Saturday, October 28, 2006

Final Preparations

We're entering the final week before the election and conventional wisdom has the Dems picking up control of the House of Representatives while narrowly missing it in the Senate. By the same token, the GOP-Karl Rove election machine could manufacture another victory (by hook or by crook?) or there could be Democratic tidal wave to "throw the bums out" that completely turns over Congress and gives El Presidente no cover during his last two years of damage. I mean, office.

The GOP have the advantage of incumbency, of U.S. naval forces just arrived in the Persian Gulf (possible incitement to war with Iran), a fearful or paid for Fourth Estate including a well-watched Republican news network, and a mega-shot at controlling the last day of the news cycle before the election, Monday, November 6th, as they're staging the sentencing of Saddam Hussein (would you expect anything less than shameless?) two days before our election.

Any bets on what the sentence will be?

So after that public bloodletting, or the promise of such, kind of a torture season climax for anyone who's still happy we went in there, there's just GOTV. That's Get Out The Vote as abbreviated.

With all this in mind, here're a few tidbits to help get a grip on where we're at:

The Four Key Senate Races

Per the Associated Press, GOP majority rule in the Senate will be decided by four too-close-to-call contests:

- Former Undersecretary of the Navy Jim Webb (D) challenging Sen.

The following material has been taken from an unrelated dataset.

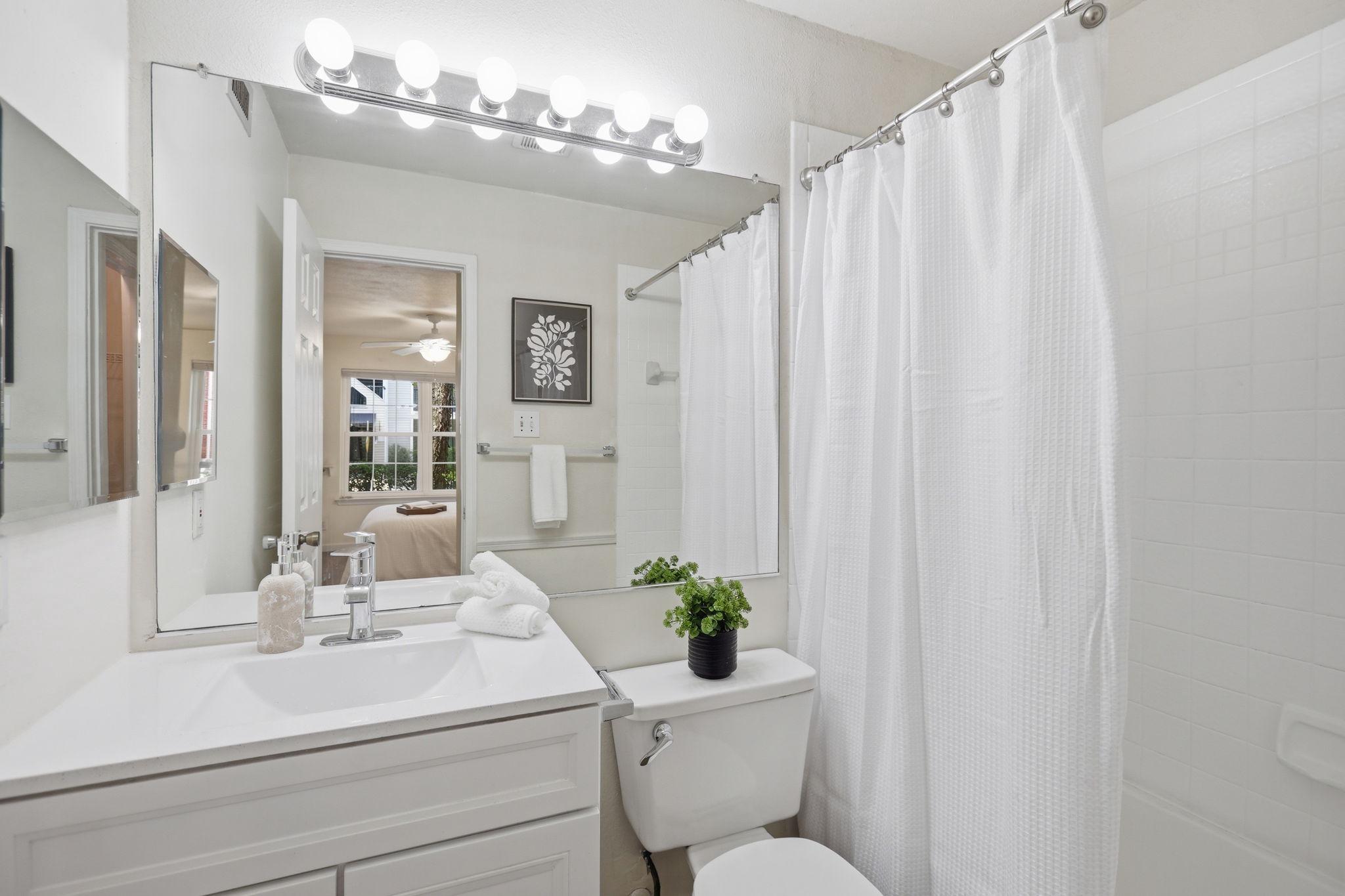  3303 Wyndham Circle, Alexandria, VA, 22302 - 物件實景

George Allen (R-VA)

- State Auditor Claire McCaskill (D) challenging Sen. Jim Talent (R-MO)

- Rep. Harold Ford (D) vs. former Chattanooga Mayor Bob Corker (R) for the Tennessee seat Bill Frist is vacating.

- Appointed (2004) Sen. Bob Menendez (D-NJ) vs. State Sen. Tom Kean Jr. (R)

Money quote:
Democrats must gain six seats to win control, and have strong leads in Rhode Island and Montana as well as Pennsylvania and Ohio.

They're all great dramas and how these four races develop on election night will tip you off to the tone of this country for the next two years.

The Fear

For those of us who sleep less easily wondering, "Seven Reasons Why Karl Rove Is Optimistic" was just posted today on The Hotline (part of The National Journal Group). The main reasons (and it's a great, eye-clearing, article to read through), summarized, are:

1. 20 margin-of-error close races he thinks he can win with his GOTV. )Which is why I will always wish the Dem candidate be at least 5% ahead of their rival coming into Election Day.)

2. They think they can win the Senate races in Virginia, Tennessee and Missouri, and will look to put together an upset elsewhere.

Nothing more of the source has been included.